Logic of Impurity

Logic of Impurity March 23, 2016

It’s an inventive solution. In an essay on the Logic of Impurity, David Kraemer argues, counterintuitively, that impurity marks something as God’s possession.

He argues from the strange anomalies associated with corpse defilement and its cleansing: “The human corpse is, according to the Torah, the most powerful source of ritual impurity there is. It is so powerful that the corpse can render the one who contacts it himself a source of impurity for other individuals or objects he touches. In the language of the rabbis, the corpse is ‘the grandfather [or, if you prefer, the ‘big daddy’] of all impurities’ . . . . The only way to eliminate corpse impurity is through administration of the waters produced with the ashes of the Red Heifer; that is how powerful these waters of purification are.” But then “anyone who is involved in the production of the Red Heifer waters is himself rendered impure.”
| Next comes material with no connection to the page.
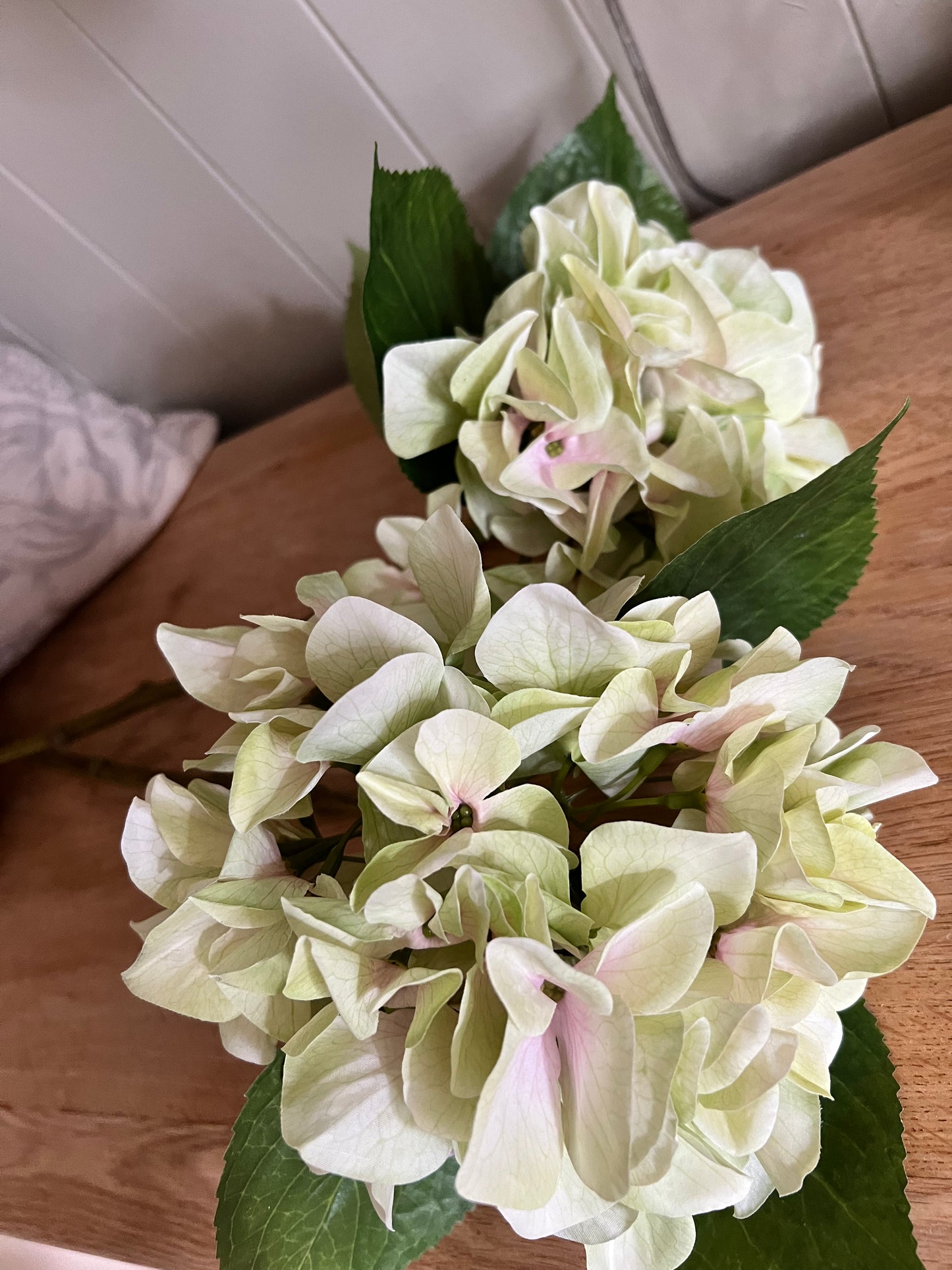 Shabby Green Single Hydrangea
How can the concoction of something that cleanses defile?

Kraemer suggests that “the only way to make any kind of sense of this paradox is to recognize that power sometimes overwhelms a system, and when an input is too powerful, the logic of a system cannot be maintained. In the Torah’s purity system, I want to argue, the impurity of the corpse represents a kind of systemic overload.”
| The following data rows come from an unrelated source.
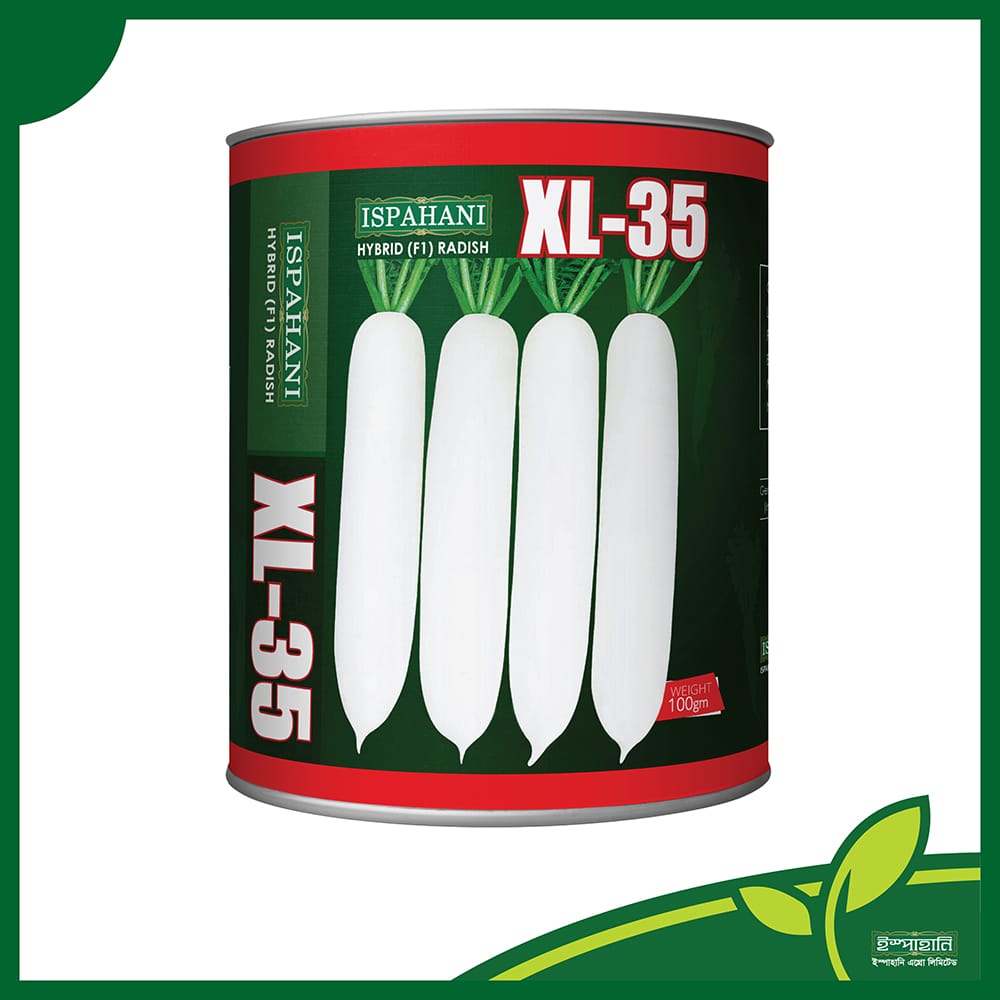 এক্স এল ৩৫ মুলা।হাইব্রিড মুলা বীজ। XL 35  radish। ispahani agro । কোরিয়া হতে আমদানিকৃত। সারা বছর চাষ উপযোগী, । ispahani agro । ৩০-৩৫ দিন পর ফসল সংগ্রহ করা যায়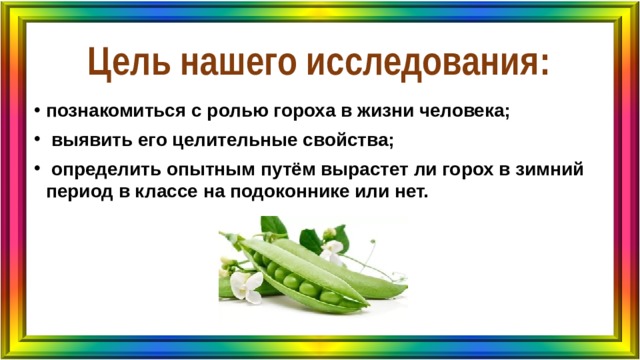 Цель нашего исследования: познакомиться с ролью гороха в жизни человека;  выявить его целительные свойства;  определить опытным путём вырастет ли горох в зимний период в классе на подоконнике или нет. 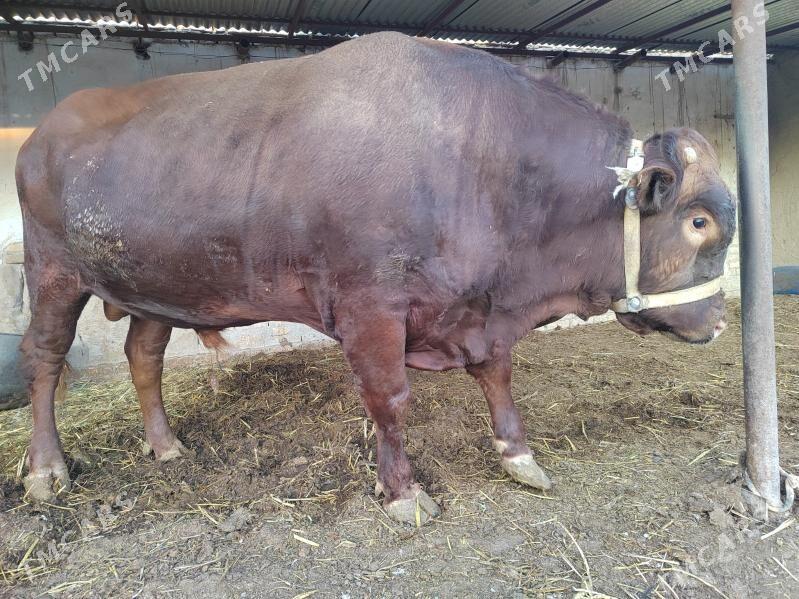 окуз - Шабатский этрап - img 3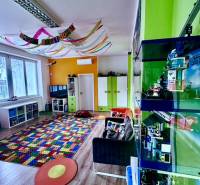 Colorful playroom with a decorated ceiling, carpet, and toys, wooden decor flooring in offices.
He finds a solution in Rabbi Eliezer, who said, “What is the difference between the impure and the pure [animals]?” “The pure one, its soul belongs to heaven and its body belongs to its [human] owner, but the impure one, both its soul and its body belong to heaven” (Mishnah Nedarim 4:3).
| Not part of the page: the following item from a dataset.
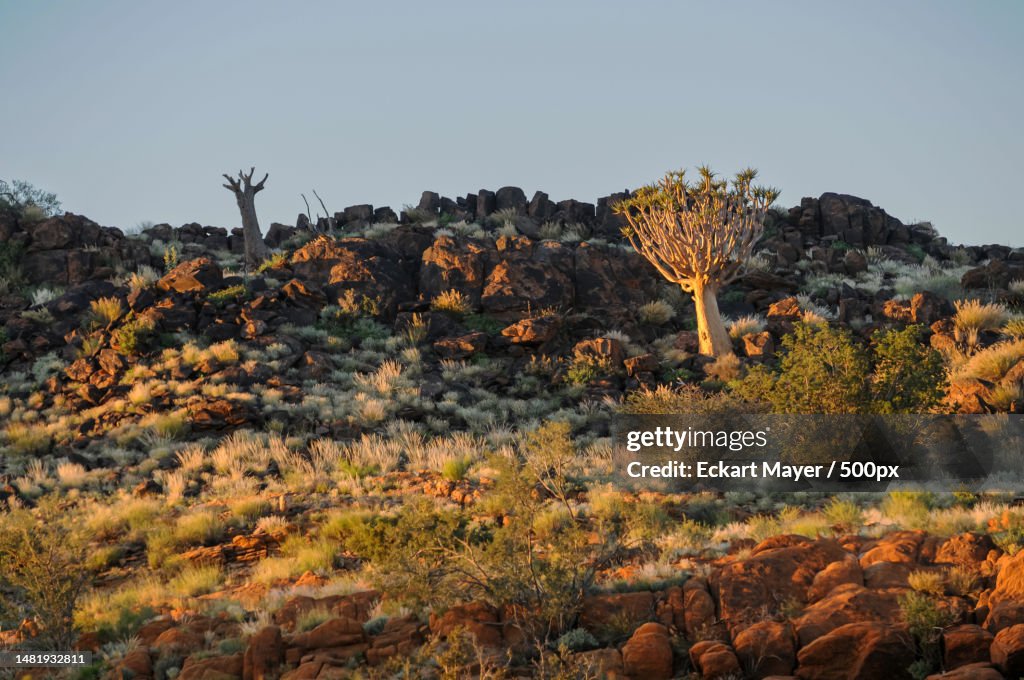 Last sunbeams of the day illuminating quiver tree,Augrabiesvalle,South Africa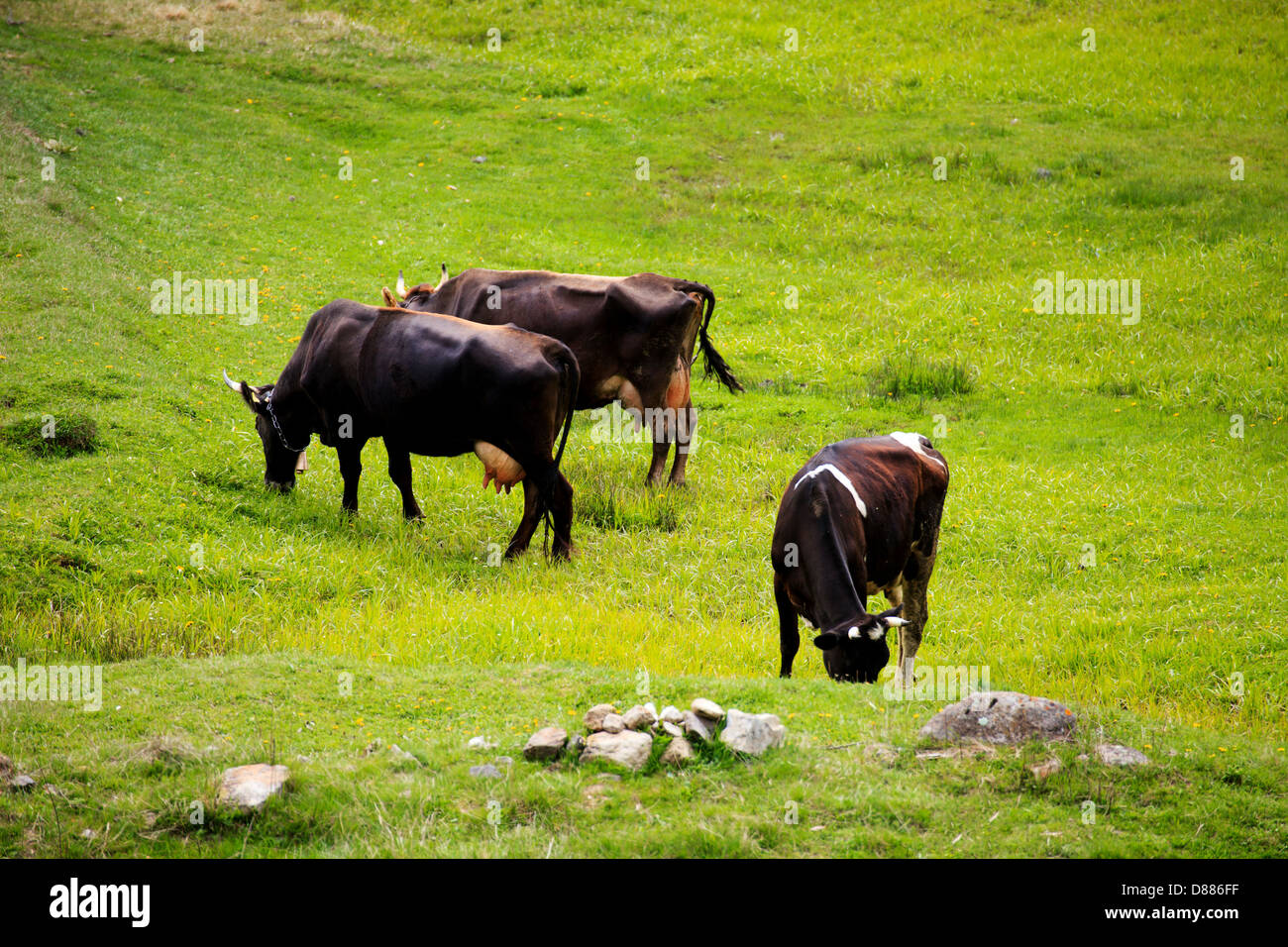 Herd of cows in green spring field Stock Photo - Alamy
In short, “marking something as ‘impure’ means marking it as being somehow in God’s realm, touchable but in some profound sense inaccessible to us. . . . life and death are in the realm of God. . . . Both, therefore, are marked as ‘impure.’ The same is true of menstrual blood, which emerges from ‘the source’ of human life, deep in the womb, and the same is true of birth blood — the blood that issues forth when a woman gives birth.”

Death is particularly defiling because it is peculiarly the realm of God: “under ordinary circumstances (putting aside war or self-defense, for example), humans should have no place in death. It should be entirely the work of God. By contrast, humans do have a place in reproduction and childbirth. By marking death as so powerfully impure, the Torah signals to humans to stay away, to leave to God what is fully God’s.”

Kraemer’s argument has some important implications for Christian use of the purity laws. If certain things are impure because they belong to God, and now “all things are cleansed,” that is a mark of the elevated status of humanity in Christ. God has given us access to the tree of knowledge; He has handed over the sword and fire.

But: If “impure” things belong to God, why are people who are counted “impure” prohibited from going before Him? Kraemer’s argument seems to equate sanctity and impurity. There is something to this; taboo stretches to both ends of a spectrum. But there is a spectrum, and holiness and impurity, whatever the complexities of their relationship, are not identical. The judgment on Kraemer’s counter-intuitive thesis is: Sometimes intuitions are better than their counters.